>>>

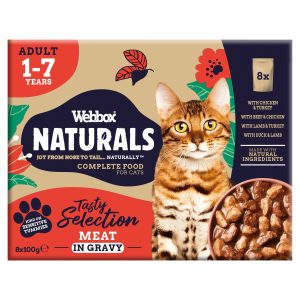 Webbox Naturals Cat Mixed In Gravy Selection 8 x 100g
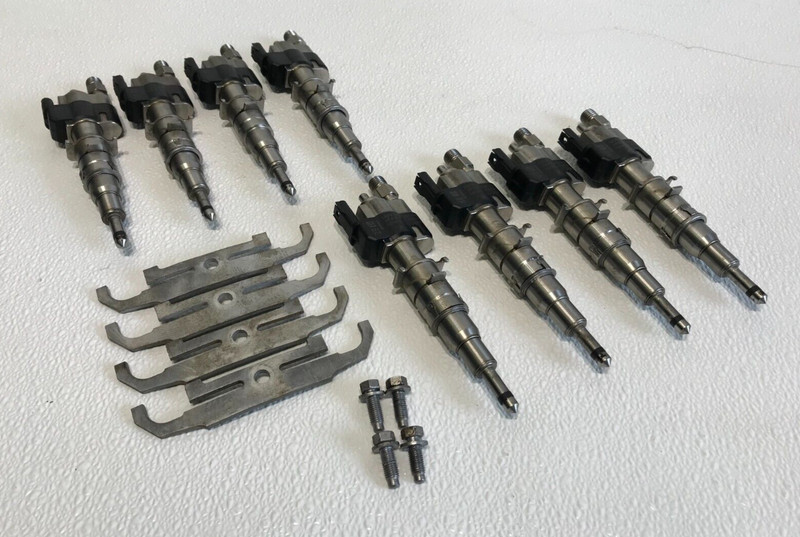 08-16 BMW 335i 535i 550i 750i X5 Z4 3.0L 4.4L TURBO FUEL INJECTOR SET 8 INDEX 08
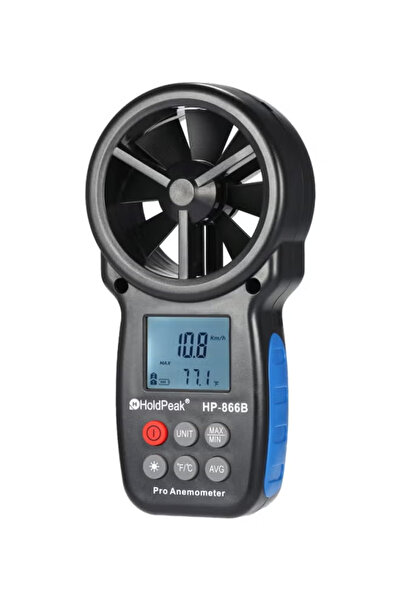Holdpeak LCD Digital Anemometer Black 18cm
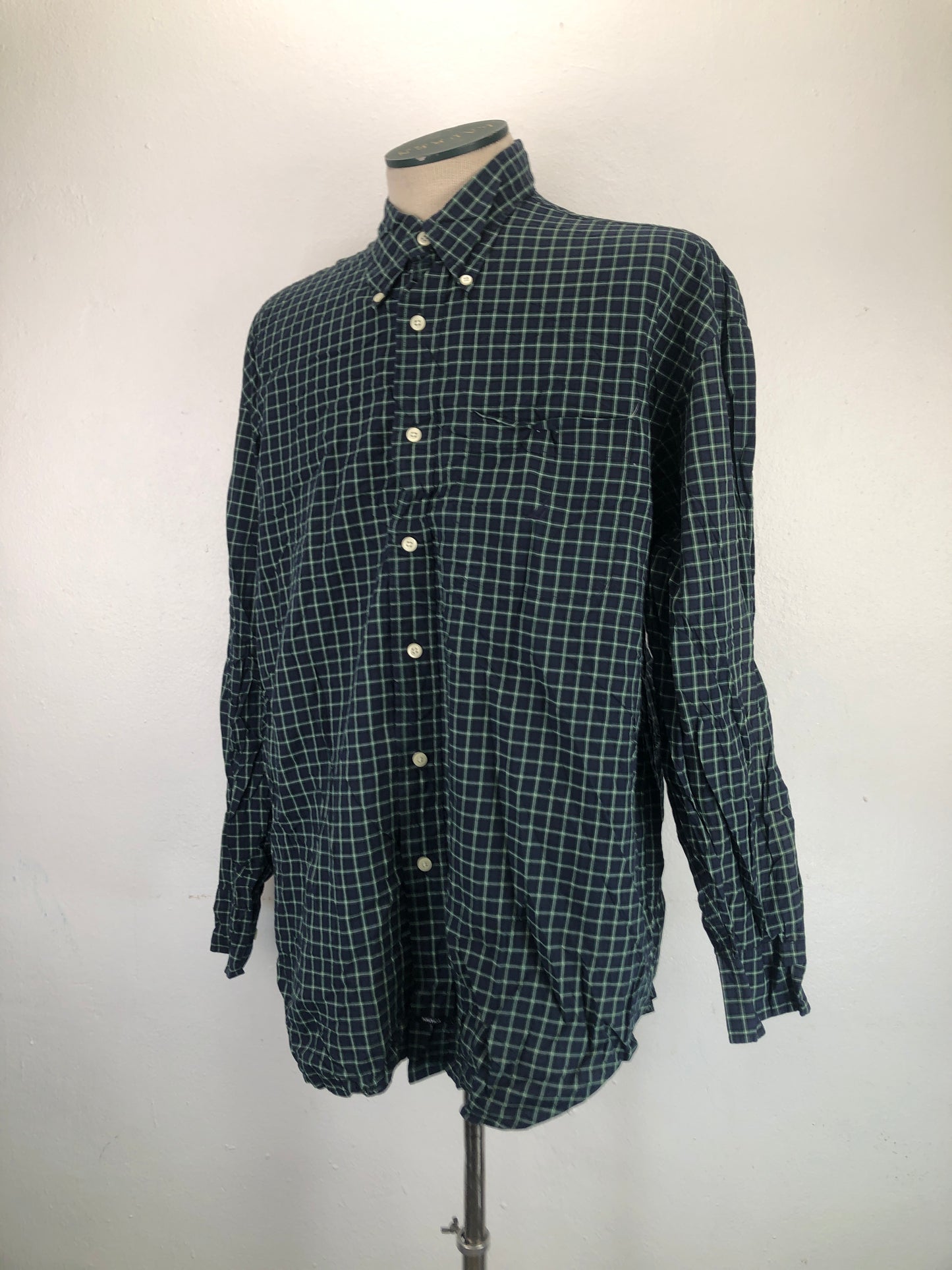 Camisa azul Marino De Cuadro Nautica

<<<

◆ Problem statement: All of the material above is to be copied exactly, with no pictures.

◆ Problem solution:
 Webbox Naturals Cat Mixed In Gravy Selection 8 x 100g
 08-16 BMW 335i 535i 550i 750i X5 Z4 3.0L 4.4L TURBO FUEL INJECTOR SET 8 INDEX 08
Holdpeak LCD Digital Anemometer Black 18cm
 Camisa azul Marino De Cuadro Nautica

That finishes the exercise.